EAST CHICAGO — Any repeal or weakening of EPA's lead poisoning prevention regulations would be disastrous for heavily polluted, poverty-stricken communities with older housing stocks — including East Chicago — that rely on the federal agency to protect residents, several organizations warned in a joint statement Friday.
The EPA is accepting public comment until Monday on the federal agency's plans to identify regulations to potentially repeal, replace or modify, pursuant to an executive order issued earlier this year by President Donald Trump.
As of Friday, 53,258 comments had been received. Public comments can be filed at this link: https://goo.gl/DV1v9y
Under Executive Order 13777, Trump directed the EPA and other agencies to identify regulations that are potentially unnecessary, too costly and inhibit job growth. In proposing the elimination of EPA programs that protect against lead-based paint hazards, Trump has further argued oversight should be handed off to the states.

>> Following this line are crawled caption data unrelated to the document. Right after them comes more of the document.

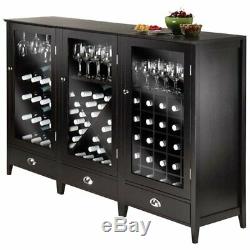 Pemberly Row 3 Piece Modular Wine Rack Cabinet Set in Espresso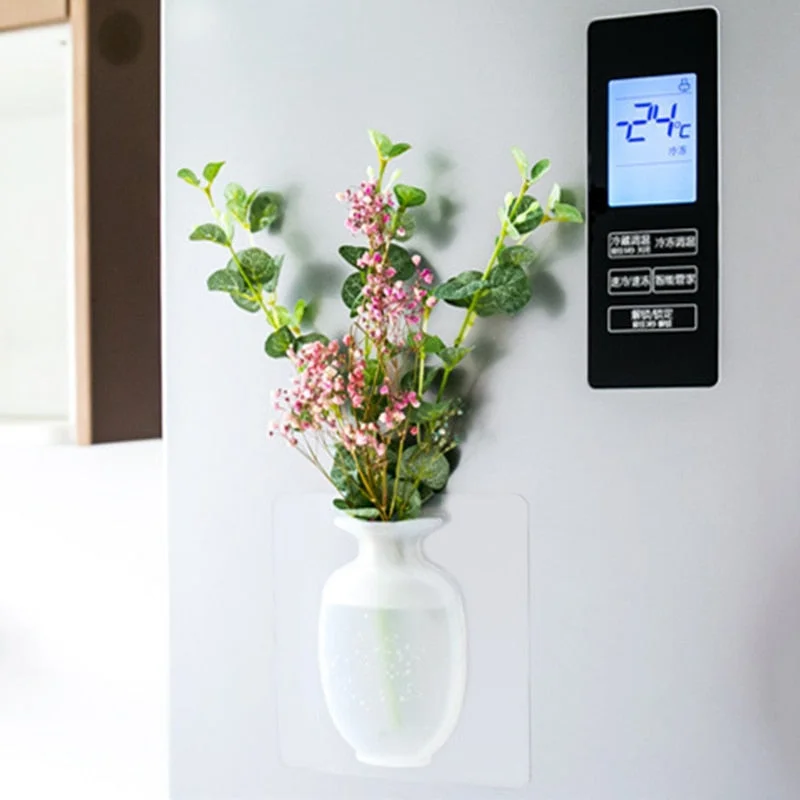 modern ceramic flower vase with stand -Silicone Sticky Wall Magic Plant Vase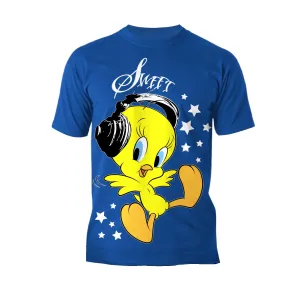 Looney Tunes Tweety Headphones Official Men's T-Shirt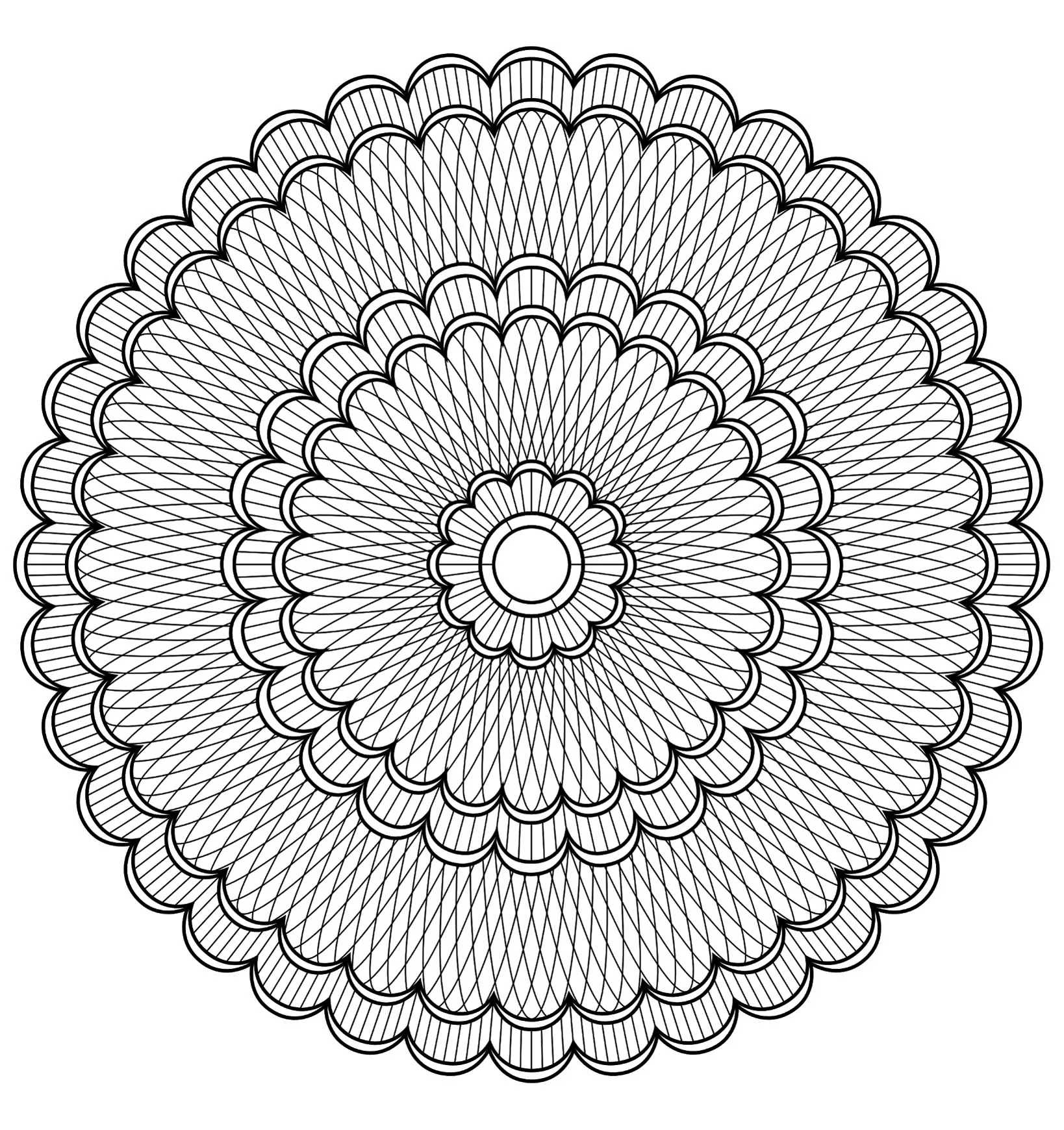 Mandala a colorier difficile - 19 (Mandalas difficiles (pour adultes))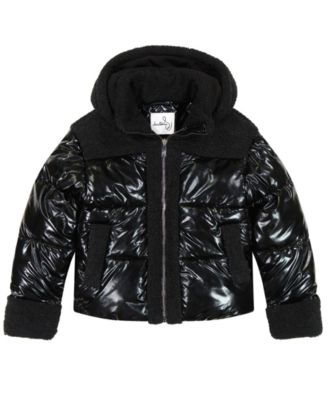 Girls' 7-16 Metallic With Sherpa Hybrid Hooded Jacket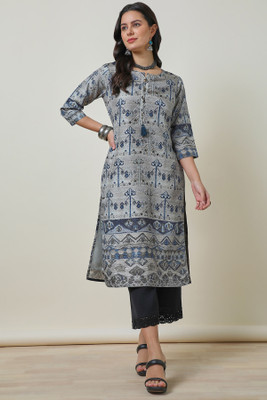 soch Women Abstract Straight Kurta(Grey)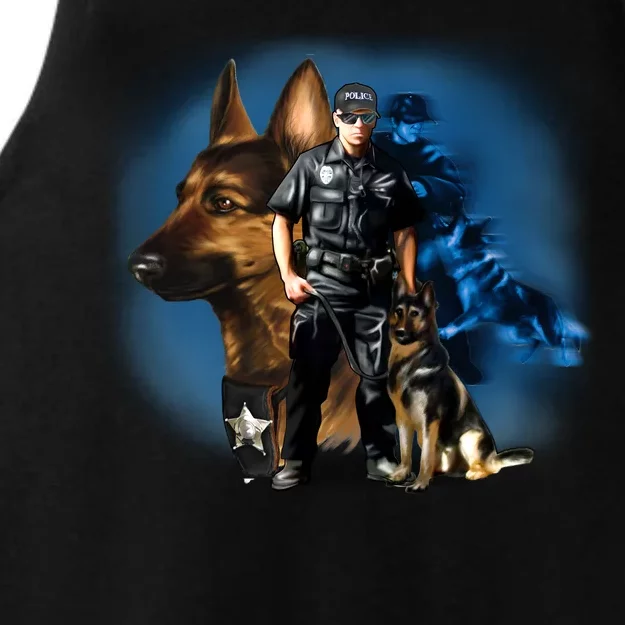 K-9 With Police Officer Silhouette Ladies Tri-Blend Wicking Tank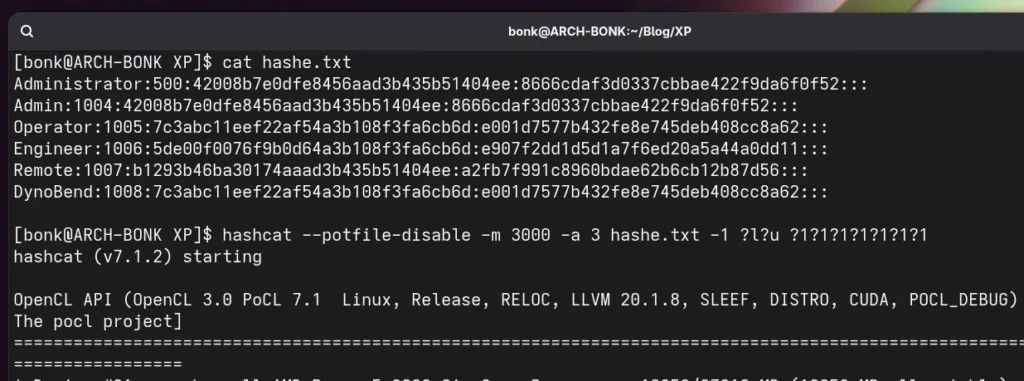 Zrzut ekranu: Uruchomienie hashcata
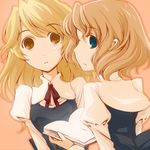  alice_margatroid alternate_costume blonde_hair blue_eyes book from_behind kirisame_marisa kuro_hitsuji looking_back multiple_girls no_hat no_headwear puffy_sleeves school_uniform short_hair staring touhou yellow_eyes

Trump has said he wants to curb President Barack Obama-era environmental regulations on industry and slash the EPA’s budget by nearly one-third, with some cuts to lead hazard elimination programs.
The groups' letter was submitted Friday as part of the EPA public comment process and penned, in part, by groups advocating on behalf of residents living in the city's USS Lead Superfund site that include the Chicago-based Sargent Shriver National Advocacy Center, University of Chicago School of Law Environmental Clinic, Loyola University Health Justice Project, and the Northwestern University Pritzker School of Law Environmental Advocacy Center.
About 70 percent of the country's Superfund sites — hazardous lands targeted by the ERA for cleanup — are within a mile of public or federally subsidized housing, the letter states. In East Chicago's case, the West Calumet Housing Complex, evacuated beginning last summer when EPA disclosed dangerously high levels of lead and arsenic in the soil, was built in the 1970s directly on top of the footprint of a former lead smelter.
"EPA’s regulations are designed to notify the public of lead-based paint hazards and evaluate and reduce these hazards in the nation’s housing stock in a safe manner that will not threaten the health and safety of occupants," the letter states. "The repeal or weakening of EPA’s lead hazard reduction standards will increase the threat of lead poisoning among children and create a false sense of safety among residents who assume EPA is fulfilling its duty to protect them."
The groups' letter also argued for stronger regulations, not weaker ones, under EPA's Renovation, Repair and Painting Rule — which requires EPA-licensed contractors to oversee significant housing projects that involve disturbances or repair of lead paint. They also argue for strengthening EPA's Lead Disclosure Rule, which requires disclosure of lead hazards in older homes for rent or purchase.
The majority of East Chicago's housing stock was built before 1978 and likely contain lead paint. It's estimated 23 million homes across the country contain lead paint — and one in three homes with children under age 6 have significant lead paint hazards, the letter states.
"Home renovation and lead-based paint activities are among the greatest source of lead contamination and lead hazard exposure to occupants. Lead in the environment does not dissipate, making it likely that a developing child will inhale or ingest it and become lead poisoned," the groups said.
Families in the USS Lead Superfund site have been exposed to cumulative health risks — with lead in the dirt, dust and, in some cases, paint or drinking water. While the city is in full compliance with the federal Lead and Copper Rule, the EPA late last year discovered high levels of lead in some Superfund homes' drinking water.
The lead in the soil and lead in the water are unrelated. Up to 90 percent of East Chicago’s water lines could be lead and EPA recommended residents should assume they have lead lines and use a certified water filter.
EPA Administrator Scott Pruitt last month visited East Chicago’s Superfund site — his first visit to any Superfund site in the country. He vowed to protect people's health in East Chicago and restore confidence.